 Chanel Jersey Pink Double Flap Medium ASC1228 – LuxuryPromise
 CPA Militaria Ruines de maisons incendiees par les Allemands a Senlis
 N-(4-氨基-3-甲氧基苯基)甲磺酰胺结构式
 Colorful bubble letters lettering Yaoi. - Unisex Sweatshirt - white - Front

.....

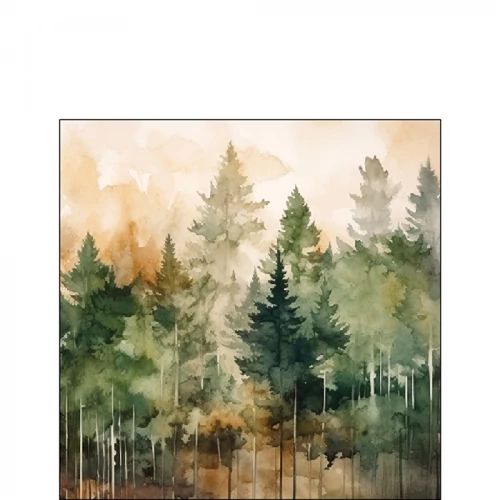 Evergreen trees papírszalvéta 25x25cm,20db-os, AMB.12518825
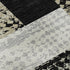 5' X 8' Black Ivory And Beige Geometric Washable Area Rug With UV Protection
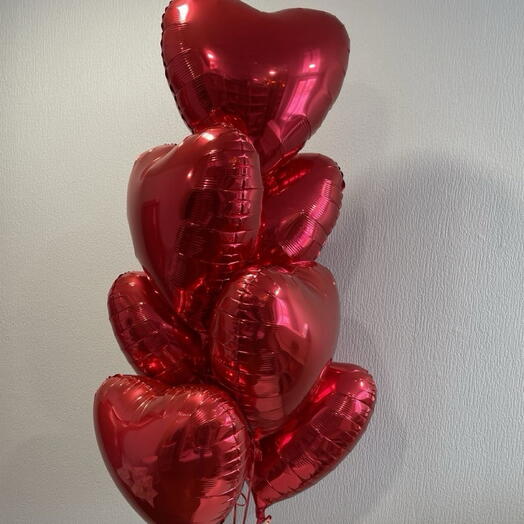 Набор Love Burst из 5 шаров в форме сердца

.....

• _REQUIRED WORK_
Please copy, exactly as written, every line in the listing above from the line with "Chanel Jersey Pink" up to and including the line with "Colorful bubble letters".

• _RESPONSE AREA_
 Chanel Jersey Pink Double Flap Medium ASC1228 – LuxuryPromise
 CPA Militaria Ruines de maisons incendiees par les Allemands a Senlis
 N-(4-氨基-3-甲氧基苯基)甲磺酰胺结构式
 Colorful bubble letters lettering Yaoi. - Unisex Sweatshirt - white - Front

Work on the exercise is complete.